# willamette hops



## mb-squared (26/5/14)

I'm looking for ~100grams of reasonably fresh willamette hops to dryhop an apa I have. the most recent (freshest) ones I can find online are from 2012 and I suspect they are a bit too old to pack that aroma punch I need for a good dryhop. anyone know where I can find some from the 2013 crop? or, alternatively, does anyone have any experience substituting this hop? It says here that US Fuggle is a good substitute, but I can only find UK Fuggle (and I understand that UK and US Fuggle are very different).

Thanks for suggestions.


----------



## Yob (26/5/14)

Ed: sorry thought you had 100g 

Nothing to see here


----------



## Cocko (26/5/14)

I would suggest, if 2012 has been packed and stored correctly they should be a viable option... sure not the 'freshest' but again, stored correctly should still pack some punch...

2c.


----------



## menoetes (26/5/14)

I love this hop but you are right, nothing new around.
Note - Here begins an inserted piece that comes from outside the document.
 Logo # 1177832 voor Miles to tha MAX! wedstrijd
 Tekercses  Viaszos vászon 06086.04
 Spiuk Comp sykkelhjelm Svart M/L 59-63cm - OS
I've used the 2012 crop recently in a brown ale with no complaints. As Cocko says, if you're getting them from a good supplier who looks after them then you'll be fine.

Try mixing them with cascade for a real nice flavor and aroma :chug:


----------



## Spiesy (26/5/14)

With descriptors of fruit and spice, and being a US hop predominantly suited to flavour and aroma additions - I wonder how Ahtanum might go… 
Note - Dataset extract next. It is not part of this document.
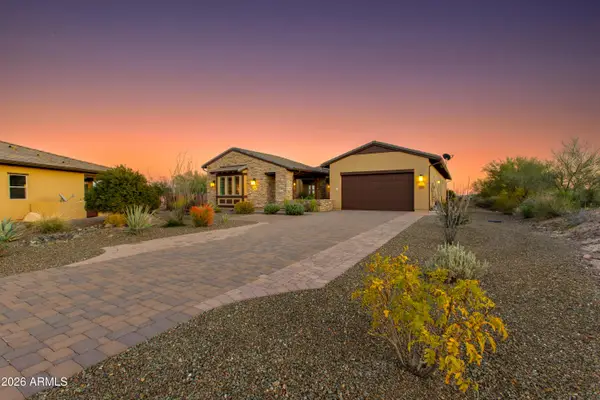 3686 Stampede Drive, Wickenburg, AZ 85390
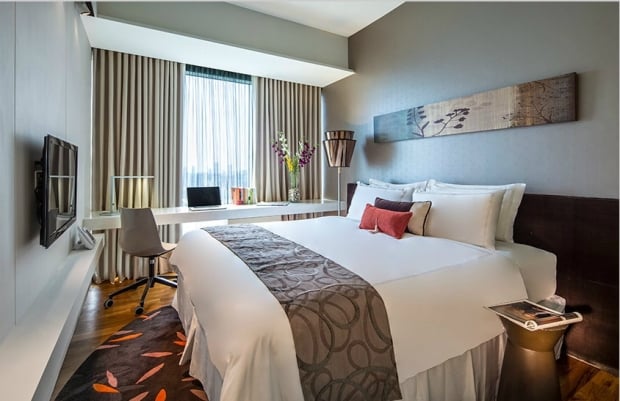 20 Days Advance Purchase with Up to 10% Savings at Park Avenue Hotels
Just thinking aloud, I have no personal experience subbing one of these hops with the other.


----------



## Yob (26/5/14)

I wouldn't say Ahtanum is a close match, it's closer to cascade or Amarillo than Willamette or fuggle


----------



## mb-squared (26/5/14)

Cocko said:


> I would suggest, if 2012 has been packed and stored correctly they should be a viable option... sure not the 'freshest' but again, stored correctly should still pack some punch...
> 
> 2c.


I was thinking I might order from National Homebrew, who takes pretty good care of their hops. So, maybe you're right; maybe they'll still pack an aroma punch.

Cheers,


----------